DutchDaemon · May 16, 2009

fetch(1)
ftp/curl

vivek · May 16, 2009

You can use above tools and a combination of shell & friends. Another and recommend option is perl LWP browser:

Code:

#!/usr/bin/perl
use LWP::UserAgent;
$ua = LWP::UserAgent->new;
#$ua->agent("$0/0.1 " . $ua->agent);
# pretend we are very capable browser
$ua->agent("Mozilla/8.0") 
$req = HTTP::Request->new(GET => 'http://www.wunderground.com/US/IN/Bloomington.html');
$req->header('Accept' => 'text/html');


$res = $ua->request($req);

# check the outcome
 if ($res->is_success) {
    print $res->content;
    # or do something else
if($res->content =~ m/zip-code/i) {
   # do-something
 }

 } else {
    print "Error: " . $res->status_line . "\n";
 }

Another one liner:

Code:

perl -MLWP::Simple -e "getprint 'http://example.com/page.html'"  | grep "something|regex" | do_something

See http://www.perl.com/pub/a/2002/08/20/perlandlwp.html

Mel_Flynn · May 16, 2009

This is easy with php + pcre and curl modules and can run from cron, as cli module, so you don't need it in apache. Apache can just SSI the file or you can write the output as json in the webroot, then use javascript to display the info.
The only drawback, no matter what implementation you choose, is that you need to maintain the code, for site HTML changes. If the target site provides an RSS service that suits you, you will make your life a lot easier.

mwatkins · May 17, 2009

Welcome to the world-wide-web of screen scraping. Since in your case you want to do targeted scraping, you really want to use some sort of DOM or other XML/XHTML query facility. Might sound difficult and esoteric but believe me, it'll be easier for you in the long run and I'll post a couple examples here to prove it.

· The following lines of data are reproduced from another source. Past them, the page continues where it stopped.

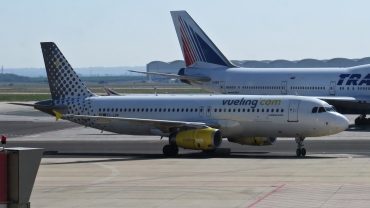 EC-LQN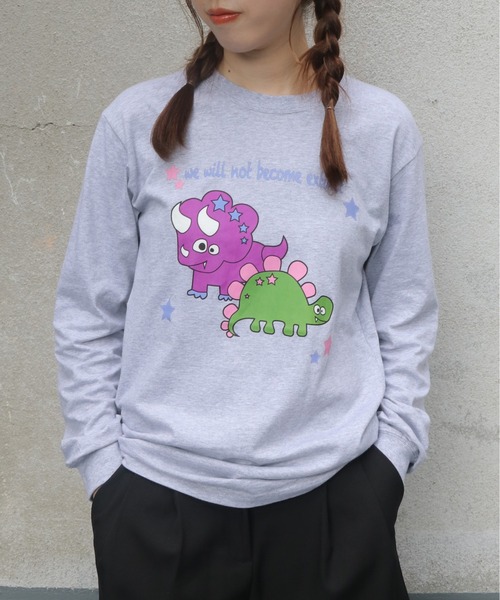 UNIT CHEST(ユニットチェスト)の「【UNIT CHEST】unique unisex long sleeve T-shirt/ユニークユニセックス ロンT OIF designer eggs コラボ 恐竜by manami_makifuji(Tシャツ/カットソー・レディース・ブラック/ホワイト/杢グレー・S/L/M)」の3枚目の写真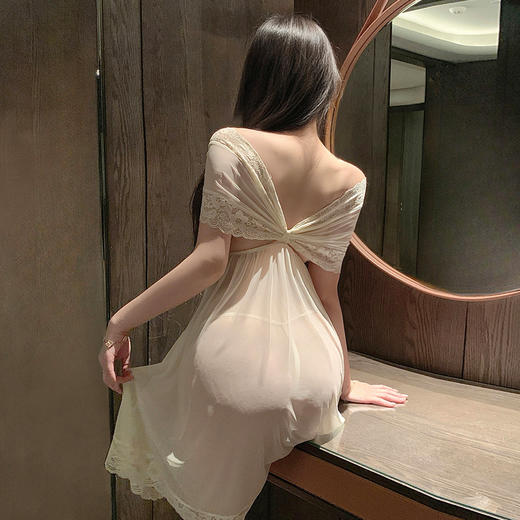 霏慕 柔媚蝴蝶结一字肩连衣裙ZY140 商品图3
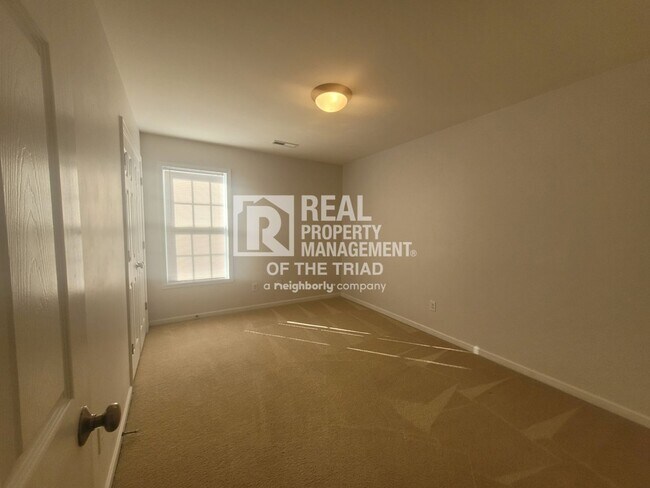 Foto del edificio - Clemmons 4 Bedroom home w/fenced yard!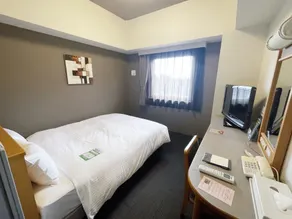 Hotel Route-Inn Tsubamesanjo Ekimae - Chambre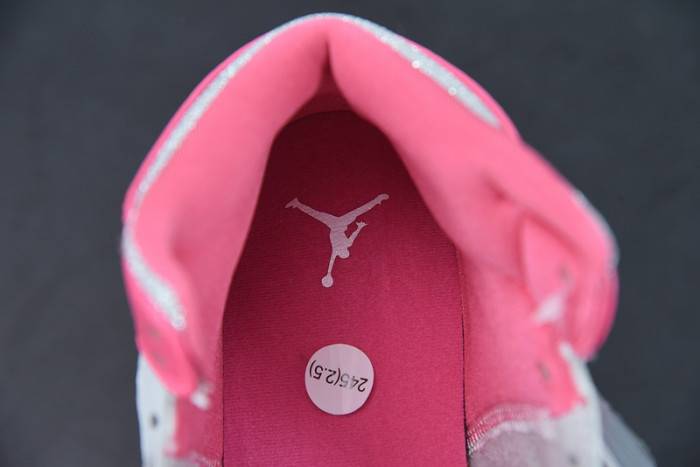 Air Jordan 1 Mid GS ‘Platinum Pink’ – 555112-109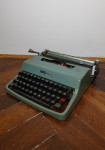 Olivetti Lettera 32, 1972. Pisalni stroj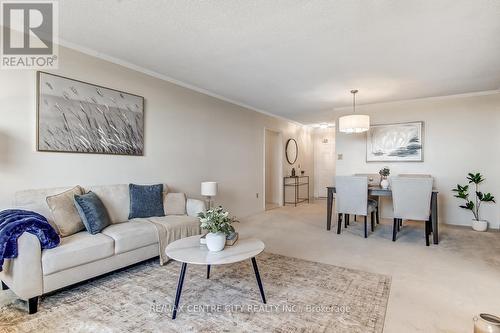 903 - 549 Ridout Street N, London East (East F), ON - Indoor Photo Showing Living Room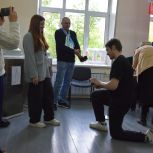 На одном из избирательных участков Екатеринбурга девушке сделали предложение руки и сердца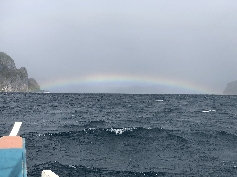 Schlechtes Wetter und Regenbogen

If you wish to collect specific data off one or more pages, process it, and then publish something new from it, you are an ideal candidate for some very effective Python-based tools.

Getting the source, dirt easy (all code samples are Python, I'm using PHP highlighting for nicer reading only):

PHP:

from urllib2 import urlopen
data = urlopen('http://www.wunderground.com/US/IN/Bloomington.html').read()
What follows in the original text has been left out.